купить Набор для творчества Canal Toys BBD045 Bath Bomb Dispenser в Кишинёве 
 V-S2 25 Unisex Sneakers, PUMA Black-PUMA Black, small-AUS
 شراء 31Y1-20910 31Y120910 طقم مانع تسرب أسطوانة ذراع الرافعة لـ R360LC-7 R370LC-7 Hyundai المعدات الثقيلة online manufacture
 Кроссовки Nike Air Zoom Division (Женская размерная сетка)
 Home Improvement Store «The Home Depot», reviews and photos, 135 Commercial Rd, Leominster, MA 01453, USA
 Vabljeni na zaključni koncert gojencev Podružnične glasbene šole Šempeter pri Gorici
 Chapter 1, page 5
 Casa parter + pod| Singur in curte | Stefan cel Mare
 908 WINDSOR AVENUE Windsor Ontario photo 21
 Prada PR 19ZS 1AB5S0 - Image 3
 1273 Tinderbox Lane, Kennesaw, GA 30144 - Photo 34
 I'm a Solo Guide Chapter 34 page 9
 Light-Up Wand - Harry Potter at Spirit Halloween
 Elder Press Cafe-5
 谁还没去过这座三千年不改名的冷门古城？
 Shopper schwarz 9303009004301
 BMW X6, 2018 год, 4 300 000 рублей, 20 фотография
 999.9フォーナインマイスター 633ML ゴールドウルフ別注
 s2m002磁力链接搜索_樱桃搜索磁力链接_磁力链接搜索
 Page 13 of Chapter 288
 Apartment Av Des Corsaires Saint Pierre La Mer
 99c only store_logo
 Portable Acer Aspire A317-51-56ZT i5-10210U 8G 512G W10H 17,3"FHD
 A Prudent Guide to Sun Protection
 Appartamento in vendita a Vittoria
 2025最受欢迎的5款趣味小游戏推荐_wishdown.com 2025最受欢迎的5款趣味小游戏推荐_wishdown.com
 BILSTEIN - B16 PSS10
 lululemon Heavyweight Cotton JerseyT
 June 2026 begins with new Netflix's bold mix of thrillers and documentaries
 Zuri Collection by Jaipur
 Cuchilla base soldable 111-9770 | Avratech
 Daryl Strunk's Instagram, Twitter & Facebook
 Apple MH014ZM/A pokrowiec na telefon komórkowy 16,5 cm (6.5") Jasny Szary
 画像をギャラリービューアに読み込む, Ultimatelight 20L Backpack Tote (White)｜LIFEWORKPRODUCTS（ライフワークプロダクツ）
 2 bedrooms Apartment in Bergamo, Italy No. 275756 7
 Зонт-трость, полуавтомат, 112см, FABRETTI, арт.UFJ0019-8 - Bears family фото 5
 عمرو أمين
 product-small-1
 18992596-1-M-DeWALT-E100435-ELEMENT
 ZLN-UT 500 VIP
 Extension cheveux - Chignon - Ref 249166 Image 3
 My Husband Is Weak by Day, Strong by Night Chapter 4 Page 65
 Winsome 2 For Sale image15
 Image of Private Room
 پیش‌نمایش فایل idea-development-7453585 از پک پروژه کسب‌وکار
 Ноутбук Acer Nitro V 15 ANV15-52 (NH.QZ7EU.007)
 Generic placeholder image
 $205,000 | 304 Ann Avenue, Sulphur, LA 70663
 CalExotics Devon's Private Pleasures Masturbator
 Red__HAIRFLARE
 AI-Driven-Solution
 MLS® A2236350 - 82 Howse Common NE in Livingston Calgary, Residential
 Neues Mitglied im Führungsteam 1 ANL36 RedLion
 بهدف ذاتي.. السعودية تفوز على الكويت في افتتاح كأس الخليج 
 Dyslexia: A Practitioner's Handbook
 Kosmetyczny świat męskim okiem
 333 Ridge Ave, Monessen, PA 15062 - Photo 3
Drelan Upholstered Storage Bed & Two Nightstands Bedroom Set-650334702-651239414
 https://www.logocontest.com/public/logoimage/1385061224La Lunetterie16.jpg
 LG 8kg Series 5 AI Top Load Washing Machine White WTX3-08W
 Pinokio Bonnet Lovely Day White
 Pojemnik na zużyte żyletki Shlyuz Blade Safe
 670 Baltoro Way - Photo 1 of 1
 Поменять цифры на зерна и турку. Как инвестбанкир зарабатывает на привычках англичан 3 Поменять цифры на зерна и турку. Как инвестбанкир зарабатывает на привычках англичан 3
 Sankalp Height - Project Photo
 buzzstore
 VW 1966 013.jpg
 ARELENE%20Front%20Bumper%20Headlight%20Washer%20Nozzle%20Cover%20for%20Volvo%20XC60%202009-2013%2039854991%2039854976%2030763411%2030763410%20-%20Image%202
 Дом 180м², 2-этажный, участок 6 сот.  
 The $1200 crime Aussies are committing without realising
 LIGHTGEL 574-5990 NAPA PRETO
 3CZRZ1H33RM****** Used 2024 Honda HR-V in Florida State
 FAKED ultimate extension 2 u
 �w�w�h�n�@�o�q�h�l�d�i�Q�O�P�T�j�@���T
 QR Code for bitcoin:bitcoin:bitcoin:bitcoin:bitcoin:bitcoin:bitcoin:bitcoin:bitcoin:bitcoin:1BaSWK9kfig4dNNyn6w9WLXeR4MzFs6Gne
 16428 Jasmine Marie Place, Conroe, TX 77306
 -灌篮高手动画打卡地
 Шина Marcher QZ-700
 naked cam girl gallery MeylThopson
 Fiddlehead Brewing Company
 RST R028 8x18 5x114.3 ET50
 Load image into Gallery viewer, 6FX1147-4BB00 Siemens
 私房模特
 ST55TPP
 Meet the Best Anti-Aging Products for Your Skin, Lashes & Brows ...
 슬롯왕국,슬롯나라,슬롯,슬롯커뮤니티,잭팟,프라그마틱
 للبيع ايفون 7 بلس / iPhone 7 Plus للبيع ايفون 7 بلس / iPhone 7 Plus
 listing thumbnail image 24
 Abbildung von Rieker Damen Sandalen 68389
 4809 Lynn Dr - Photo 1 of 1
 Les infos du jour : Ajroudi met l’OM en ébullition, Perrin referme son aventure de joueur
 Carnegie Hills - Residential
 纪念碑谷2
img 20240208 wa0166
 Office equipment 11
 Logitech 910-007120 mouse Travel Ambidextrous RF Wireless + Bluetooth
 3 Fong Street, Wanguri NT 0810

-*-*-

[Description of the task]
Set down the listing above in its entirety, exactly as written.

[Task result]
купить Набор для творчества Canal Toys BBD045 Bath Bomb Dispenser в Кишинёве 
 V-S2 25 Unisex Sneakers, PUMA Black-PUMA Black, small-AUS
 شراء 31Y1-20910 31Y120910 طقم مانع تسرب أسطوانة ذراع الرافعة لـ R360LC-7 R370LC-7 Hyundai المعدات الثقيلة online manufacture
 Кроссовки Nike Air Zoom Division (Женская размерная сетка)
 Home Improvement Store «The Home Depot», reviews and photos, 135 Commercial Rd, Leominster, MA 01453, USA
 Vabljeni na zaključni koncert gojencev Podružnične glasbene šole Šempeter pri Gorici
 Chapter 1, page 5
 Casa parter + pod| Singur in curte | Stefan cel Mare
 908 WINDSOR AVENUE Windsor Ontario photo 21
 Prada PR 19ZS 1AB5S0 - Image 3
 1273 Tinderbox Lane, Kennesaw, GA 30144 - Photo 34
 I'm a Solo Guide Chapter 34 page 9
 Light-Up Wand - Harry Potter at Spirit Halloween
 Elder Press Cafe-5
 谁还没去过这座三千年不改名的冷门古城？
 Shopper schwarz 9303009004301
 BMW X6, 2018 год, 4 300 000 рублей, 20 фотография
 999.9フォーナインマイスター 633ML ゴールドウルフ別注
 s2m002磁力链接搜索_樱桃搜索磁力链接_磁力链接搜索
 Page 13 of Chapter 288
 Apartment Av Des Corsaires Saint Pierre La Mer
 99c only store_logo
 Portable Acer Aspire A317-51-56ZT i5-10210U 8G 512G W10H 17,3"FHD
 A Prudent Guide to Sun Protection
 Appartamento in vendita a Vittoria
 2025最受欢迎的5款趣味小游戏推荐_wishdown.com 2025最受欢迎的5款趣味小游戏推荐_wishdown.com
 BILSTEIN - B16 PSS10
 lululemon Heavyweight Cotton JerseyT
 June 2026 begins with new Netflix's bold mix of thrillers and documentaries
 Zuri Collection by Jaipur
 Cuchilla base soldable 111-9770 | Avratech
 Daryl Strunk's Instagram, Twitter & Facebook
 Apple MH014ZM/A pokrowiec na telefon komórkowy 16,5 cm (6.5") Jasny Szary
 画像をギャラリービューアに読み込む, Ultimatelight 20L Backpack Tote (White)｜LIFEWORKPRODUCTS（ライフワークプロダクツ）
 2 bedrooms Apartment in Bergamo, Italy No. 275756 7
 Зонт-трость, полуавтомат, 112см, FABRETTI, арт.UFJ0019-8 - Bears family фото 5
 عمرو أمين
 product-small-1
 18992596-1-M-DeWALT-E100435-ELEMENT
 ZLN-UT 500 VIP
 Extension cheveux - Chignon - Ref 249166 Image 3
 My Husband Is Weak by Day, Strong by Night Chapter 4 Page 65
 Winsome 2 For Sale image15
 Image of Private Room
 پیش‌نمایش فایل idea-development-7453585 از پک پروژه کسب‌وکار
 Ноутбук Acer Nitro V 15 ANV15-52 (NH.QZ7EU.007)
 Generic placeholder image
 $205,000 | 304 Ann Avenue, Sulphur, LA 70663
 CalExotics Devon's Private Pleasures Masturbator
 Red__HAIRFLARE
 AI-Driven-Solution
 MLS® A2236350 - 82 Howse Common NE in Livingston Calgary, Residential
 Neues Mitglied im Führungsteam 1 ANL36 RedLion
 بهدف ذاتي.. السعودية تفوز على الكويت في افتتاح كأس الخليج 
 Dyslexia: A Practitioner's Handbook
 Kosmetyczny świat męskim okiem
 333 Ridge Ave, Monessen, PA 15062 - Photo 3
Drelan Upholstered Storage Bed & Two Nightstands Bedroom Set-650334702-651239414
 https://www.logocontest.com/public/logoimage/1385061224La Lunetterie16.jpg
 LG 8kg Series 5 AI Top Load Washing Machine White WTX3-08W
 Pinokio Bonnet Lovely Day White
 Pojemnik na zużyte żyletki Shlyuz Blade Safe
 670 Baltoro Way - Photo 1 of 1
 Поменять цифры на зерна и турку. Как инвестбанкир зарабатывает на привычках англичан 3 Поменять цифры на зерна и турку. Как инвестбанкир зарабатывает на привычках англичан 3
 Sankalp Height - Project Photo
 buzzstore
 VW 1966 013.jpg
 ARELENE%20Front%20Bumper%20Headlight%20Washer%20Nozzle%20Cover%20for%20Volvo%20XC60%202009-2013%2039854991%2039854976%2030763411%2030763410%20-%20Image%202
 Дом 180м², 2-этажный, участок 6 сот.  
 The $1200 crime Aussies are committing without realising
 LIGHTGEL 574-5990 NAPA PRETO
 3CZRZ1H33RM****** Used 2024 Honda HR-V in Florida State
 FAKED ultimate extension 2 u
 �w�w�h�n�@�o�q�h�l�d�i�Q�O�P�T�j�@���T
 QR Code for bitcoin:bitcoin:bitcoin:bitcoin:bitcoin:bitcoin:bitcoin:bitcoin:bitcoin:bitcoin:1BaSWK9kfig4dNNyn6w9WLXeR4MzFs6Gne
 16428 Jasmine Marie Place, Conroe, TX 77306
 -灌篮高手动画打卡地
 Шина Marcher QZ-700
 naked cam girl gallery MeylThopson
 Fiddlehead Brewing Company
 RST R028 8x18 5x114.3 ET50
 Load image into Gallery viewer, 6FX1147-4BB00 Siemens
 私房模特
 ST55TPP
 Meet the Best Anti-Aging Products for Your Skin, Lashes & Brows ...
 슬롯왕국,슬롯나라,슬롯,슬롯커뮤니티,잭팟,프라그마틱
 للبيع ايفون 7 بلس / iPhone 7 Plus للبيع ايفون 7 بلس / iPhone 7 Plus
 listing thumbnail image 24
 Abbildung von Rieker Damen Sandalen 68389
 4809 Lynn Dr - Photo 1 of 1
 Les infos du jour : Ajroudi met l’OM en ébullition, Perrin referme son aventure de joueur
 Carnegie Hills - Residential
 纪念碑谷2
img 20240208 wa0166
 Office equipment 11
 Logitech 910-007120 mouse Travel Ambidextrous RF Wireless + Bluetooth
 3 Fong Street, Wanguri NT 0810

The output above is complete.